_What the exercise asks_.
Look in the data below for the line that has "Close-up detail of", then print exactly every line from there through the line that has "Expansive backyard with", leaving pictures out.

_Supplied data_.

Content starts

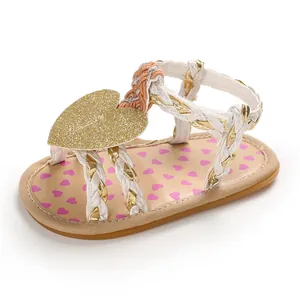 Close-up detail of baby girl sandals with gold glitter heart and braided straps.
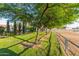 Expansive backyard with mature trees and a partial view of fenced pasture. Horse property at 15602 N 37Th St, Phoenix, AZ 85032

Content ends
Content starts

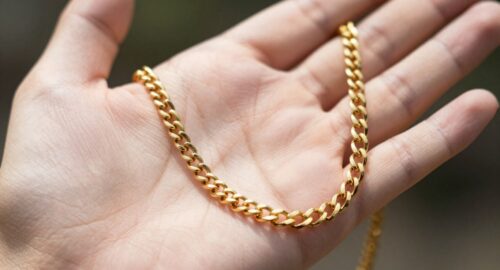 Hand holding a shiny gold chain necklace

Content ends

_Answer for the task_.
 Close-up detail of baby girl sandals with gold glitter heart and braided straps.
 Expansive backyard with mature trees and a partial view of fenced pasture. Horse property at 15602 N 37Th St, Phoenix, AZ 85032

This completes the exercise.